22.05 günü; İ.Ü’de faşistlerin saldırısına uğrayan öğrencilerle görüşmüştür. Haber-Türk'e, Orhan Pamuk’u Meclis Onur Ödülü’ne aday göstermesi konusunda görüş vermiştir.

23.05 günü; Kadıköy’de Adnan Genç ve arkadaşlarının kitabevinde imza günü gerçekleştirmiştir. Hüseyin arkadaşımıza geçmiş olsun ziyaretinde bulunmuştur.

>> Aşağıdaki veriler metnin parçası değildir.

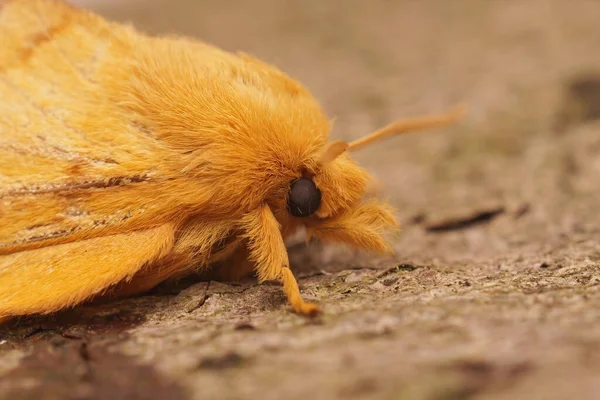 Gros Plan Teigne Buveuse Euthrix Potatoria — Photo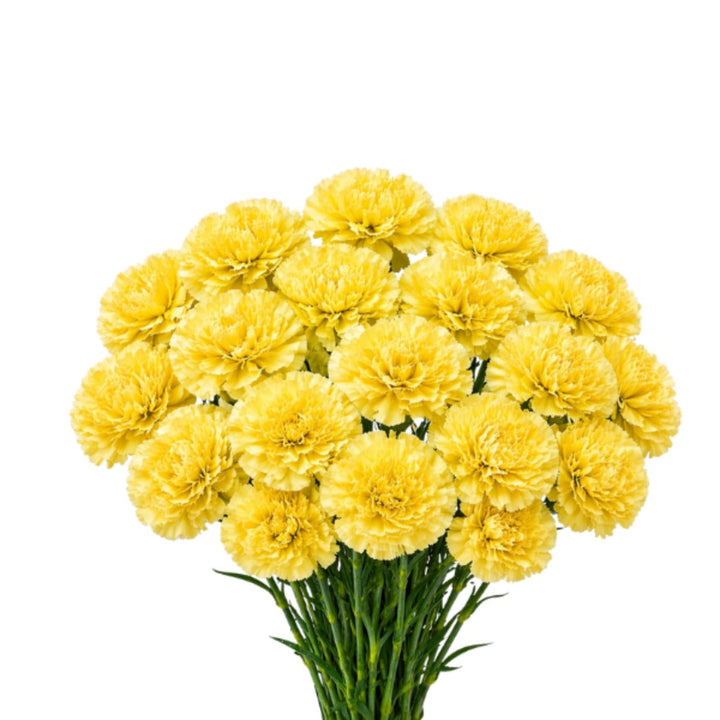 Yellow Carnations Diletta from SQ Flora Kenya, 19-stem bouquet of vibrant yellow flowers arranged in a natural display.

24.05 günü; Çağlayan’da DTP ile dayanışma mitingine katılmıştır.

25.05 günü; Hava-İş Başkanı Atilay Ayçin’le görüşme yapmıştır.

26.05 günü; Divriği Gazetesi'nin tarihi eserlerle ilgili soru önergemizi manşetten vermesine, teşekkür etmiştir. NTV'ye misyonerlik brifingi konusunda görüş vermiştir.

27.05 günü; İncirlik Üssü ile ilgili gizli kararname konusunda Başbakana soru önergesi vermiştir. Haber-Türk canlı yayınında faşizan uygulamalar teması üzerine konuşmuştur. Parlamento Muhabirleri Derneği’ni ziyaret etmiştir. Batıkent Sanat Merkezini ziyaret etmiştir.

28.05 günü; KESK Genel Merkezi’nde gözaltılar ile ilgili basın açıklaması yapmıştır. Eğitim-Sen Genel Merkezinde Genel Başkan Zübeyde Kılıç’a geçmiş olsun ziyareti yapmış ve Yüksel Caddesi’ndeki protestoya katılmıştır.

30.05 günü; Diyarbakır Belediyesi’nin düzenlediği festivale katılmış, panelde konuşma yapmıştır.

31.05 günü; Mülkiyelilerde ÖSP koordinasyon toplantısına katılmıştır.

01.06 günü; Deri-İş Sendikası Başkanı, Petrol İş Sendikası Başkanı ve yönetim kurulu üyeleriyle görüşmüştür. Tarık Ziya Ekinci ve Nihat Sargın ile görüşmüştür.